**Task brief:** Transcribe, word for word and without additions, each line below from the one containing "Photo of the" through the one containing "Угловой кухонный гарнитур современный", both ends included.

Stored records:
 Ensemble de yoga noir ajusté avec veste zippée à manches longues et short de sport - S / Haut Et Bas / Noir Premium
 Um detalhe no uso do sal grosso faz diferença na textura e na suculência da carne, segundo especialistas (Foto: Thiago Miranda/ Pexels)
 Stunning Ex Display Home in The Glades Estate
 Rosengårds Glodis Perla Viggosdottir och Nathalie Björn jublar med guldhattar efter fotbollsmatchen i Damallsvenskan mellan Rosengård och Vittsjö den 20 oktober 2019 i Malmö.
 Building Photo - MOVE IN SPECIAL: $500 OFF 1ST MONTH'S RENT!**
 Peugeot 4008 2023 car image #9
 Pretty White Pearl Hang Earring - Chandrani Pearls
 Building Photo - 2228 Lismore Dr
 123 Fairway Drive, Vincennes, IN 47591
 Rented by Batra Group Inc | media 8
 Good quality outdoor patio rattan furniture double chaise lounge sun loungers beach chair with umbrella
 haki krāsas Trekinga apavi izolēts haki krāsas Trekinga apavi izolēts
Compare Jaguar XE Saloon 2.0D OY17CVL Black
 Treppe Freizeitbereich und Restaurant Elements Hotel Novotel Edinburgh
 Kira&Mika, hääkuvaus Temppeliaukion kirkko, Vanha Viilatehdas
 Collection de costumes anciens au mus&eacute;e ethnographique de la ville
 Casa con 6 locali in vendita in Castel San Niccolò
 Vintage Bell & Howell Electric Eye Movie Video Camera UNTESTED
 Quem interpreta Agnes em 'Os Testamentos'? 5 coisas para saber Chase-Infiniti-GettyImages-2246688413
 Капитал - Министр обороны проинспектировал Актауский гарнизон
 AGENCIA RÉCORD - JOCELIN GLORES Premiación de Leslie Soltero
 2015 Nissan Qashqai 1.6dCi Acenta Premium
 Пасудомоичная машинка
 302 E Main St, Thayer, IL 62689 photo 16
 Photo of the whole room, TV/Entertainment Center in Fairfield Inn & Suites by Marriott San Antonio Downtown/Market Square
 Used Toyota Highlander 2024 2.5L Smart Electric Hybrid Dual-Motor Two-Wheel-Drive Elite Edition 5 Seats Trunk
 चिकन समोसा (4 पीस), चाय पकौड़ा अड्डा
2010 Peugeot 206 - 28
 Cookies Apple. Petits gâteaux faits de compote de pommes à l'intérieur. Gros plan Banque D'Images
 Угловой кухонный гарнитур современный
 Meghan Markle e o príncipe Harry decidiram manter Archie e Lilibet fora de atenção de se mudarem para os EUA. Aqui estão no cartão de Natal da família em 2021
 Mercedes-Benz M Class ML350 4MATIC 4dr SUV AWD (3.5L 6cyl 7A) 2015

**Written response:**
 Photo of the whole room, TV/Entertainment Center in Fairfield Inn & Suites by Marriott San Antonio Downtown/Market Square
 Used Toyota Highlander 2024 2.5L Smart Electric Hybrid Dual-Motor Two-Wheel-Drive Elite Edition 5 Seats Trunk
 चिकन समोसा (4 पीस), चाय पकौड़ा अड्डा
2010 Peugeot 206 - 28
 Cookies Apple. Petits gâteaux faits de compote de pommes à l'intérieur. Gros plan Banque D'Images
 Угловой кухонный гарнитур современный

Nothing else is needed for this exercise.